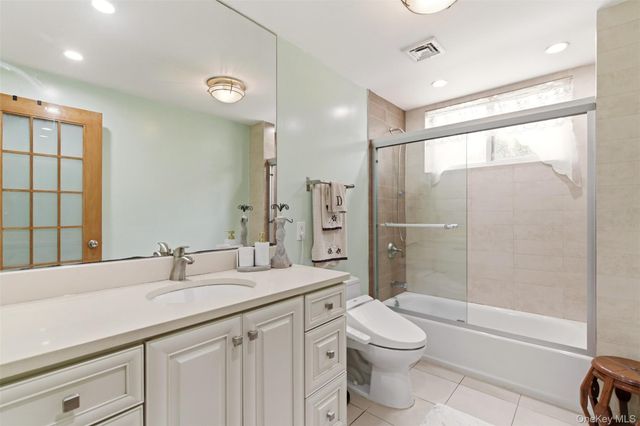 319 38th Road, Douglaston, NY 11363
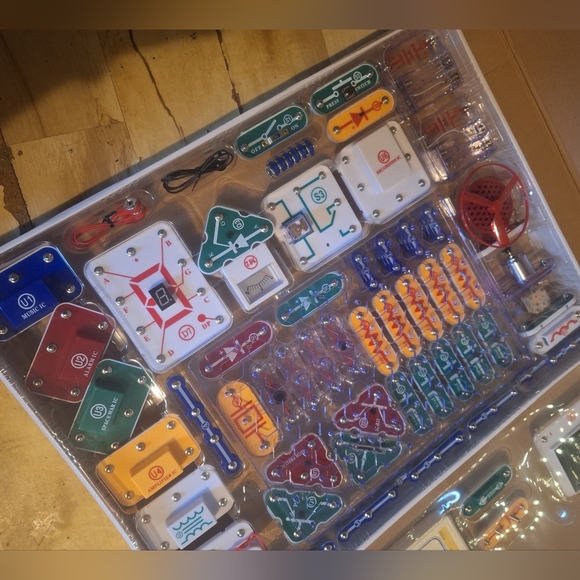 Snap Circuits Extreme Electronics Kit - Picture 3 of 7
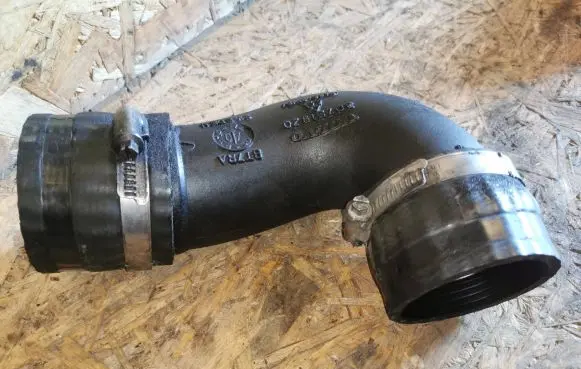 Volvo S60 Intercooler hose/pipe 30751920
—————
ASSIGNED TASK: Copy out the listing above in full and keep the pictures out.

SOLVED EXERCISE:
 319 38th Road, Douglaston, NY 11363
 Snap Circuits Extreme Electronics Kit - Picture 3 of 7
 Volvo S60 Intercooler hose/pipe 30751920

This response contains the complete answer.